-- Given entries follows --
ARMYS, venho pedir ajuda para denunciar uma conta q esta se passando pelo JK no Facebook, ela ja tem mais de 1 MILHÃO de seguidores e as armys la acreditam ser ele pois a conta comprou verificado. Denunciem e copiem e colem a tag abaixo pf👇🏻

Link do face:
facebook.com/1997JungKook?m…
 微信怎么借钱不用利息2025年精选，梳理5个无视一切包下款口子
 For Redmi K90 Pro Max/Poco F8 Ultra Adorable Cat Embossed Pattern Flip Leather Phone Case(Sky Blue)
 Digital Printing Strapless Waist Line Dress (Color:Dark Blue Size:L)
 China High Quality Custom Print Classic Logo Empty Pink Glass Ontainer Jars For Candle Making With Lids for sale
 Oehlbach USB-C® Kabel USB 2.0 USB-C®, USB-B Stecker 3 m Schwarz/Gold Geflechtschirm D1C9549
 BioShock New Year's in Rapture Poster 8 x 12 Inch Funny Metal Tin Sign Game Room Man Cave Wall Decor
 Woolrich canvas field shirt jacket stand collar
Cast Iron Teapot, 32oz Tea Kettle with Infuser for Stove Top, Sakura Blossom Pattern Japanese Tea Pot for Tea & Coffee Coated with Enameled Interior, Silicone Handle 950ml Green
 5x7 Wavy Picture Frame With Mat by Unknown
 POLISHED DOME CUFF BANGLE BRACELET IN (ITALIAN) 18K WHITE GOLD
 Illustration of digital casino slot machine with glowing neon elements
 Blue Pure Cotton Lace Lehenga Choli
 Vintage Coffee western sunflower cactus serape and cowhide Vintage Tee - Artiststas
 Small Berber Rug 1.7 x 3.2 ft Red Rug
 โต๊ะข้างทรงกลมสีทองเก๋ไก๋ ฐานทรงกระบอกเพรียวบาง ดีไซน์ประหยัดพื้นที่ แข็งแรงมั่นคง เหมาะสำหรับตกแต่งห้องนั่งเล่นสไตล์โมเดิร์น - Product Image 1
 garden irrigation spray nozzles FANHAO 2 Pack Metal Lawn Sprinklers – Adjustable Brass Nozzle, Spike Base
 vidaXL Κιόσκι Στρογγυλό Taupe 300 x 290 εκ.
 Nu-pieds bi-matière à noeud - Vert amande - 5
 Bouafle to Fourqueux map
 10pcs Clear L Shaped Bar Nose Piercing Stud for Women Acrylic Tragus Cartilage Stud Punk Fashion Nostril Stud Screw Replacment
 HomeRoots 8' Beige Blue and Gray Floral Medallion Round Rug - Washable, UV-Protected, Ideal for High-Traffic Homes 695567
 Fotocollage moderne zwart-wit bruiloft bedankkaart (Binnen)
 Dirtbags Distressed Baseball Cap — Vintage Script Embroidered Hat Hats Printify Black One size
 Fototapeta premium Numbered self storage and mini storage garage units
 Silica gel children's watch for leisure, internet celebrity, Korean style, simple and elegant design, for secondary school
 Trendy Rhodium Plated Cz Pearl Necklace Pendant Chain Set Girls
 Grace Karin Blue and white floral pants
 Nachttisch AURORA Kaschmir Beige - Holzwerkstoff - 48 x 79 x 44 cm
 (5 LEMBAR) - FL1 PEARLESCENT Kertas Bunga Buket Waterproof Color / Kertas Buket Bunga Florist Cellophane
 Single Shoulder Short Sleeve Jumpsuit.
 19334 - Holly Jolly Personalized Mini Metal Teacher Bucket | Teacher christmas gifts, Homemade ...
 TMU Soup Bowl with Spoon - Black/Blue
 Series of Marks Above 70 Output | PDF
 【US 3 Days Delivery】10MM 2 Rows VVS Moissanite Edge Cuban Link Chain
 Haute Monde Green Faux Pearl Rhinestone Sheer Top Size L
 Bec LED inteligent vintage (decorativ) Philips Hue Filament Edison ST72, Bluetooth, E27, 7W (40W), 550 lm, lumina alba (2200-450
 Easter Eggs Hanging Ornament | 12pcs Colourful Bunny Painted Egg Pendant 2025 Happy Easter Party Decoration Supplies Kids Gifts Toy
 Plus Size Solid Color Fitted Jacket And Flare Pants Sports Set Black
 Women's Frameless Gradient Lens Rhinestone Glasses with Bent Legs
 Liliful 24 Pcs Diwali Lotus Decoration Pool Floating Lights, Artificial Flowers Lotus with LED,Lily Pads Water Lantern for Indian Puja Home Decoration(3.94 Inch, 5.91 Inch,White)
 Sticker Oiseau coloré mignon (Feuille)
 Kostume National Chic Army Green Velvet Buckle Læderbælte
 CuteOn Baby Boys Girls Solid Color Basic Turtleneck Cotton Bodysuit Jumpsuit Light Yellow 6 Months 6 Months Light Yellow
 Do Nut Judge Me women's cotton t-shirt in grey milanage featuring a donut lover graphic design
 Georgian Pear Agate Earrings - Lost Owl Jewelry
-- Given entries concluded --
> **Work request**:
Set down exactly the line that holds "Series of Marks Above 70 Output | PDF" and all lines after it to the end of the data.

> **Solution below**:
 Series of Marks Above 70 Output | PDF
 【US 3 Days Delivery】10MM 2 Rows VVS Moissanite Edge Cuban Link Chain
 Haute Monde Green Faux Pearl Rhinestone Sheer Top Size L
 Bec LED inteligent vintage (decorativ) Philips Hue Filament Edison ST72, Bluetooth, E27, 7W (40W), 550 lm, lumina alba (2200-450
 Easter Eggs Hanging Ornament | 12pcs Colourful Bunny Painted Egg Pendant 2025 Happy Easter Party Decoration Supplies Kids Gifts Toy
 Plus Size Solid Color Fitted Jacket And Flare Pants Sports Set Black
 Women's Frameless Gradient Lens Rhinestone Glasses with Bent Legs
 Liliful 24 Pcs Diwali Lotus Decoration Pool Floating Lights, Artificial Flowers Lotus with LED,Lily Pads Water Lantern for Indian Puja Home Decoration(3.94 Inch, 5.91 Inch,White)
 Sticker Oiseau coloré mignon (Feuille)
 Kostume National Chic Army Green Velvet Buckle Læderbælte
 CuteOn Baby Boys Girls Solid Color Basic Turtleneck Cotton Bodysuit Jumpsuit Light Yellow 6 Months 6 Months Light Yellow
 Do Nut Judge Me women's cotton t-shirt in grey milanage featuring a donut lover graphic design
 Georgian Pear Agate Earrings - Lost Owl Jewelry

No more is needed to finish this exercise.